Saturday, September 19, 2009

A BREIF OVERVIEW OF THE INVASION OF IRAQ


It has been argued that because Iraq has already been invaded there is little reason for discussing the reasoning behind that invasion. This is a convenient position for many who supported the war, but it fails to understand that any discussion about the invasion of Iraq is only nominally a discussion about the invasion of Iraq. It is a trial of the mindset and ideology that led to the invasion. And as long as that mindset persists, as long as the risk of the disaster of Iraq being visited on another people exists, we can never move on.

The invasion of Iraq was undertaken because Saddam Hussein's weapons of mass destruction posed an imminent danger to the U.S, ostensibly. When that rationale fell apart the motivations for the war switched to one of spreading democracy and promoting human rights. The efficiency of that switch was as effective and complete as the switch of official state enemies in the book 1984. The invasion of Iraq was about democracy, it had always been about democracy. In the few mentions of the archaic pretext made following the switch it was only to say the war was the result of a failure of intelligence, though the architects of it continued to suggest they made the right decision even in light of the revelation that Saddam Hussein had no weapons of mass destruction.

Every invasion and imperialist enterprise, with the possible exception of the Belgian looting of the Congo, has been accompanied by noble rhetoric. The typical practice of judging leaders by their actions while ignoring their rhetoric is often inverted when looking at one's own nation. However, rhetoric can never justify a war. Saddam Hussein had equally impressive rhetoric when he invaded Kuwait.

As for the stated motivations, easiest to dispel is the claim of WMD. After it was confirmed that no such weapons existed senior policy makers, including the President, answered in the affirmative when asked if they would have invaded in light of this knowledge. Ignoring the issues raised by the Downing Street Memo, this is an implicit admission that the primary case for war made to the public was not what motivated policy makers. The sheer number of pretexts, changed to meet political demands, is in itself enough to cast serious doubt on the official explanation.
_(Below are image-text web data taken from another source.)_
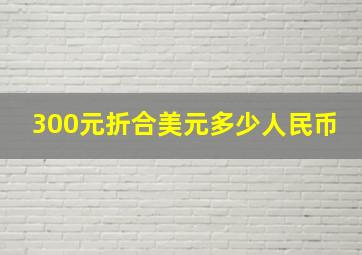 300元折合美元多少人民币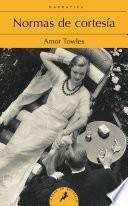 Libro Normas de cortesia/ Rules Of Civility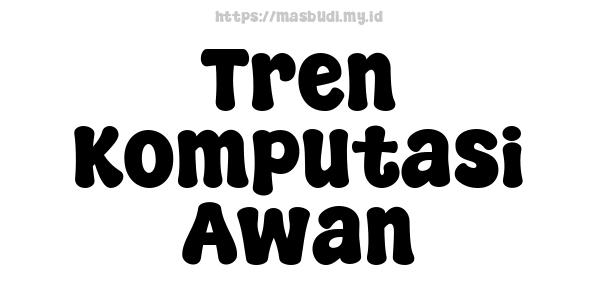 Tren Komputasi Awan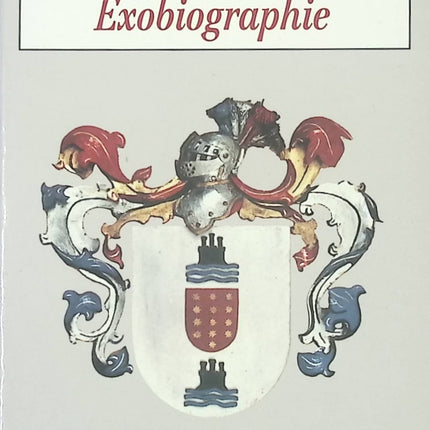Autobiographie littéraire – Exobiographie de René de Obaldia – Mémoires d’un écrivain fantaisiste - livre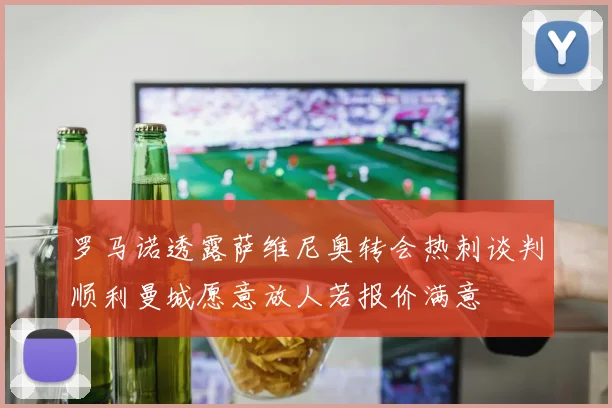 罗马诺透露萨维尼奥转会热刺谈判顺利曼城愿意放人若报价满意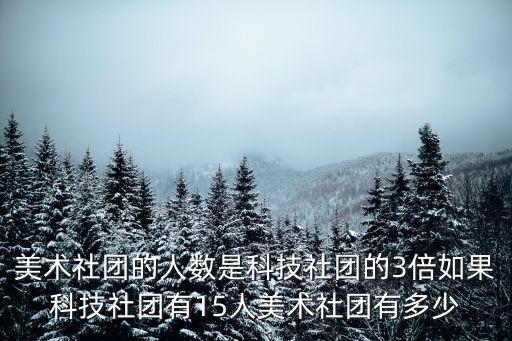 美術社團，美術社團的人數是科技社團的3倍如果科技社團有15人美術社團有多少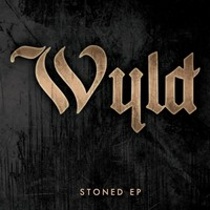 Wyld - Stoned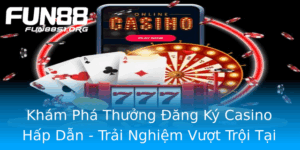 Kham Pha Thuong Ang Ky Casino Hap Dan Trai Nghiem Vuot Troi Tai Fun88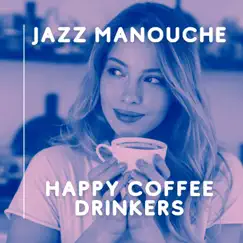 Jazz Manouche for Happy Coffee Drinkers by Coffee House Instrumental Jazz Playlist, Cafe Jazz Deluxe & Jazz Instrumental Chill album reviews, ratings, credits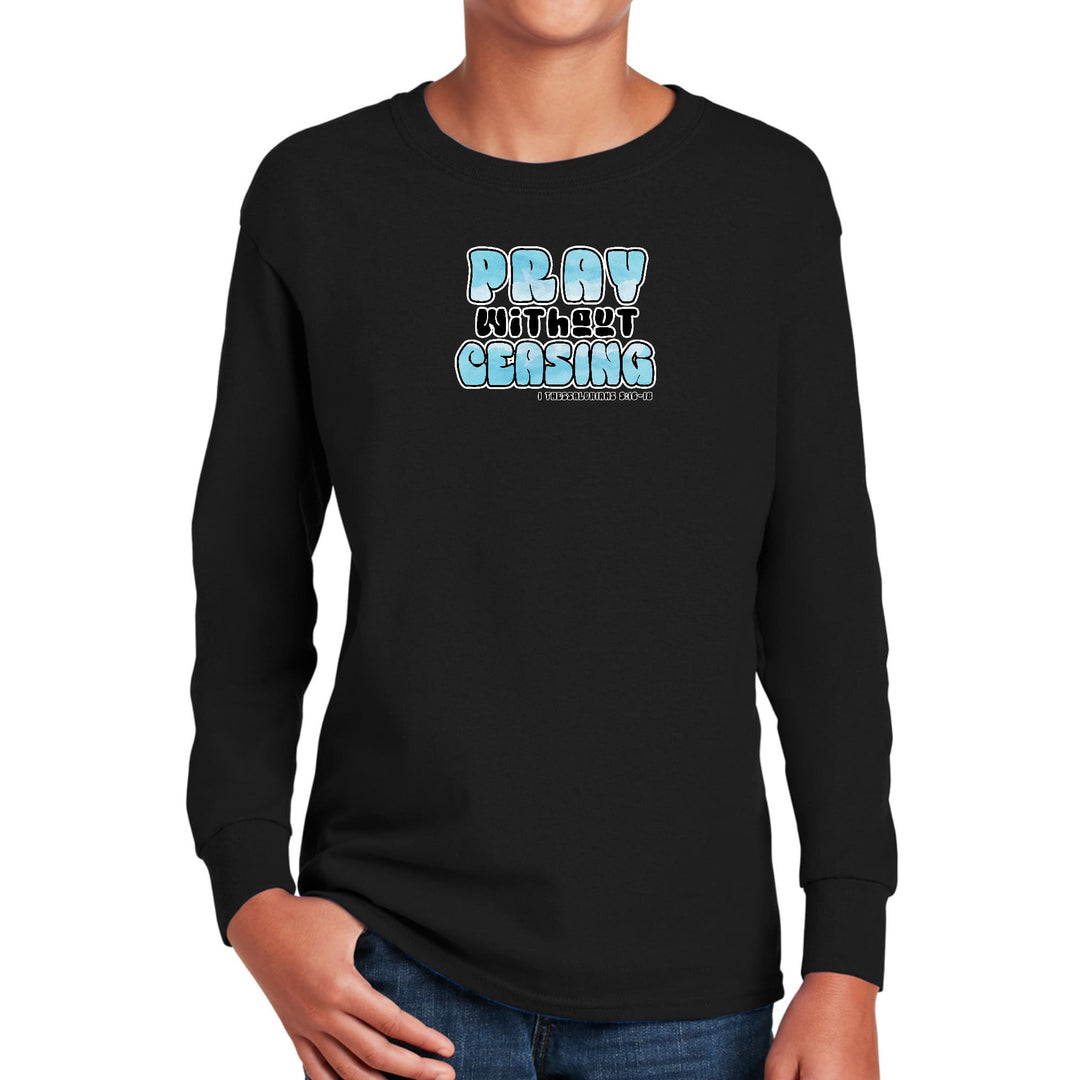 Youth Long Sleeve Graphic T-shirt Pray Without Ceasing, - Youth | T-Shirts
Moving on to the next major claim, the claim of spreading democracy and human rights, of planting a democratic seed in the Middle East. This claim can be easily tested with a single question: are the words of the idealistic crusaders seeking a new future for the Middle East consistent with their actions. The answer is decidedly no.

The group of policy makers waging war on Iraq simultaneously maintained close relationships with equally repressive regimes that served their perceived interests, such as Saudi Arabia, and simultaneously undermined democracy in countries where it would harm their perceived interests, such as Haiti and Venezuela. The case of Iraq before the invasion is sufficient evidence to discard any pretense the neocons had for concerns about democracy and human rights.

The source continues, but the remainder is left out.